Trois ans plus tard, la guerre des caricatures danoises ne veut pas s’éteindre. Certains gouvernements alimentent la crise en suscitant des protestations contre les caricaturistes ou contre les journaux qui ont osé couvrir la controverse, constatent l’Association mondiale des journaux (AMJ) et d’autres membres de l’IFEX. Les caricaturistes et les journalistes du monde arabe, d’Europe […]
Trois ans plus tard, la guerre des caricatures danoises ne veut pas s’éteindre.
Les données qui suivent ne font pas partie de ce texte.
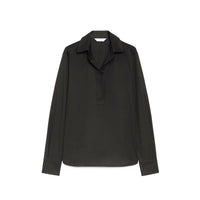 Max Mara Black Cotton Dress Shirt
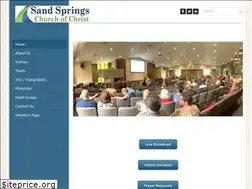 Sites similar to sandspringschurchofchrist.com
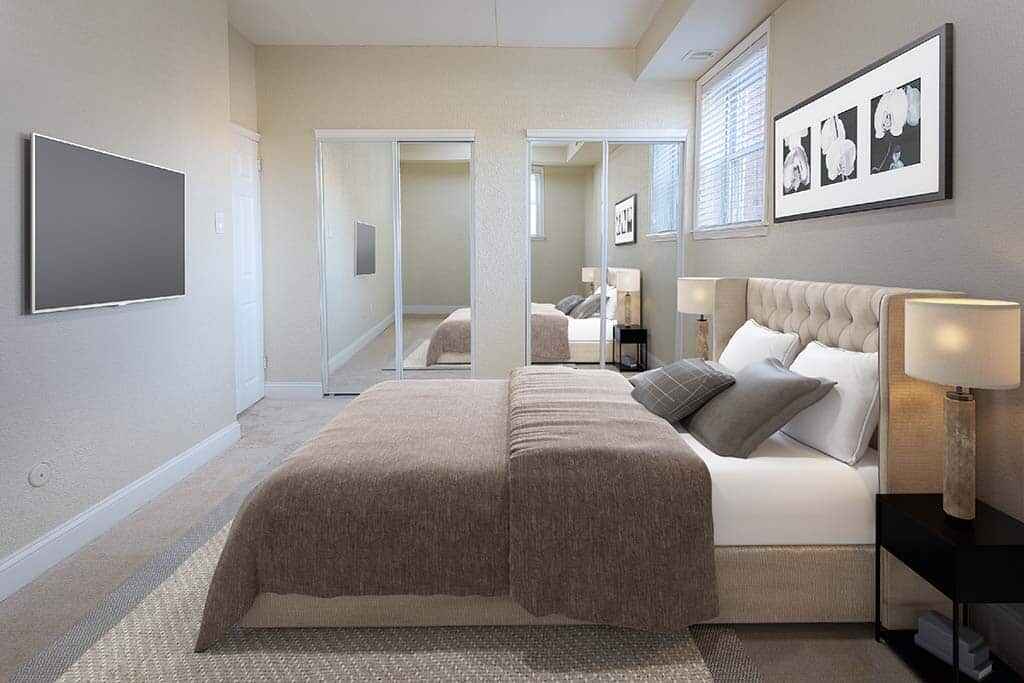 Furnished Bedroom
Certains gouvernements alimentent la crise en suscitant des protestations contre les caricaturistes ou contre les journaux qui ont osé couvrir la controverse, constatent l’Association mondiale des journaux (AMJ) et d’autres membres de l’IFEX.
Les caricaturistes et les journalistes du monde arabe, d’Europe et des États-Unis affirment que la crise des caricatures danoises est « manipulée par des gouvernements répressifs pour restreindre encore davantage la liberté d’expression ».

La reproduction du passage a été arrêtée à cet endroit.